Task instructions: The lines to transcribe begin with the one containing "Aida Kumara profile icon" and end with the last line below; reproduce them exactly, without the pictures.

Excerpts from a dataset:

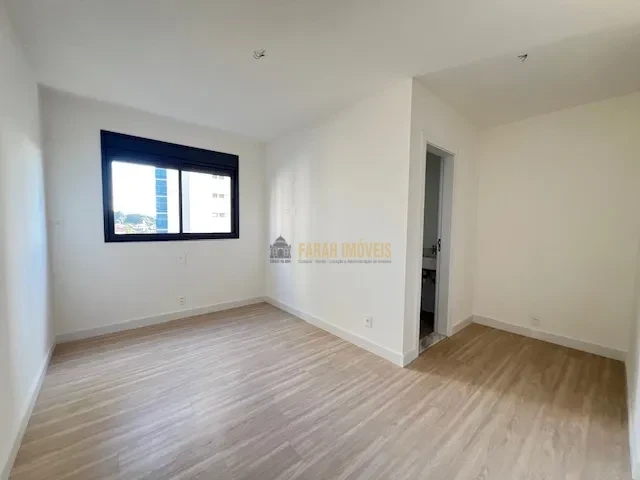 Imagens do imóveis EDIFÍCIO AURA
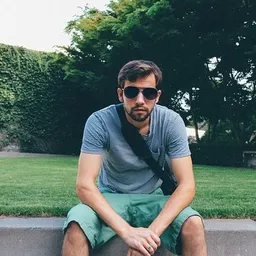 Crypto kt avatar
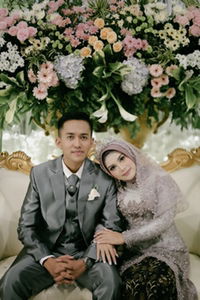 Aida Kumara profile icon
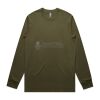 AS Colour -  Men's Staple L/S Tee  Thumbnail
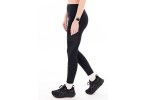 Asics Road Balance W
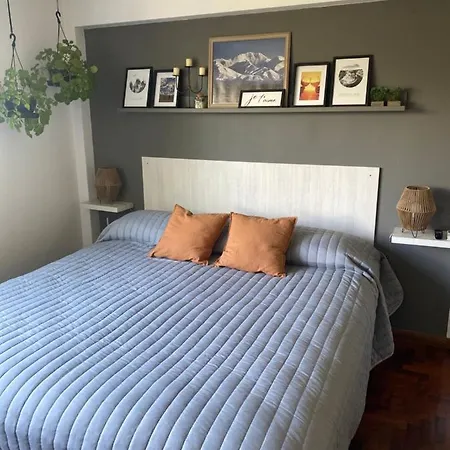 G3 Inn Apartments-2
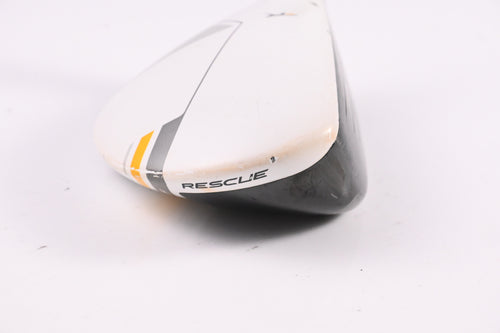 Taylormade RBZ Stage 2 Tour #3 Hybrid / 18.5 Degree / Regular Flex RocketFuel 80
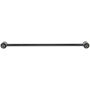 MEVOTECH CMS501005 Lateral Arm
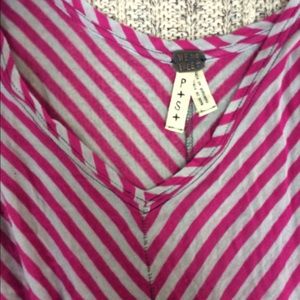 Free People Tee Shirt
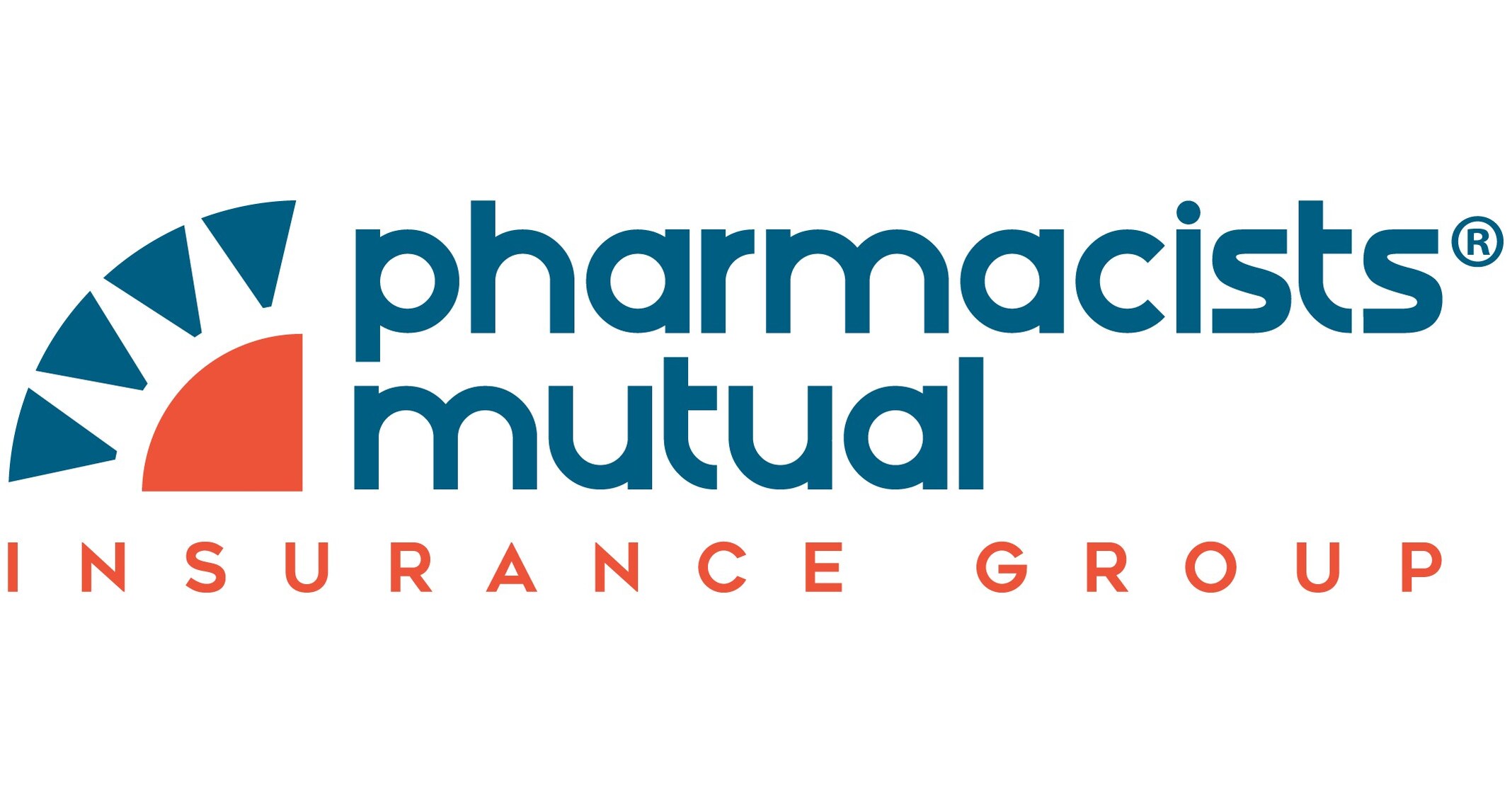 PHARMACISTS MUTUAL ANNOUNCES FELIX GALLAGHER AS NEW CHAIR OF THE BOARD OF DIRECTORS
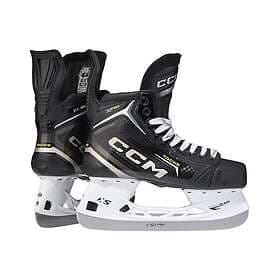 CCM Tacks XF 80 Skridskor Intermediate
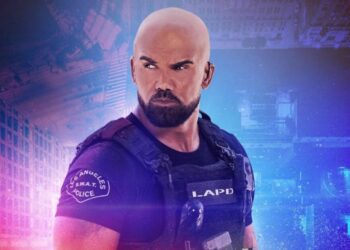 S.W.A.T. - Stagione 8: trama, cast e anticipazioni degli episodi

Worked solution:
 Aida Kumara profile icon
 AS Colour -  Men's Staple L/S Tee  Thumbnail
 Asics Road Balance W
 G3 Inn Apartments-2
 Taylormade RBZ Stage 2 Tour #3 Hybrid / 18.5 Degree / Regular Flex RocketFuel 80
 MEVOTECH CMS501005 Lateral Arm
 Free People Tee Shirt
 PHARMACISTS MUTUAL ANNOUNCES FELIX GALLAGHER AS NEW CHAIR OF THE BOARD OF DIRECTORS
 CCM Tacks XF 80 Skridskor Intermediate
 S.W.A.T. - Stagione 8: trama, cast e anticipazioni degli episodi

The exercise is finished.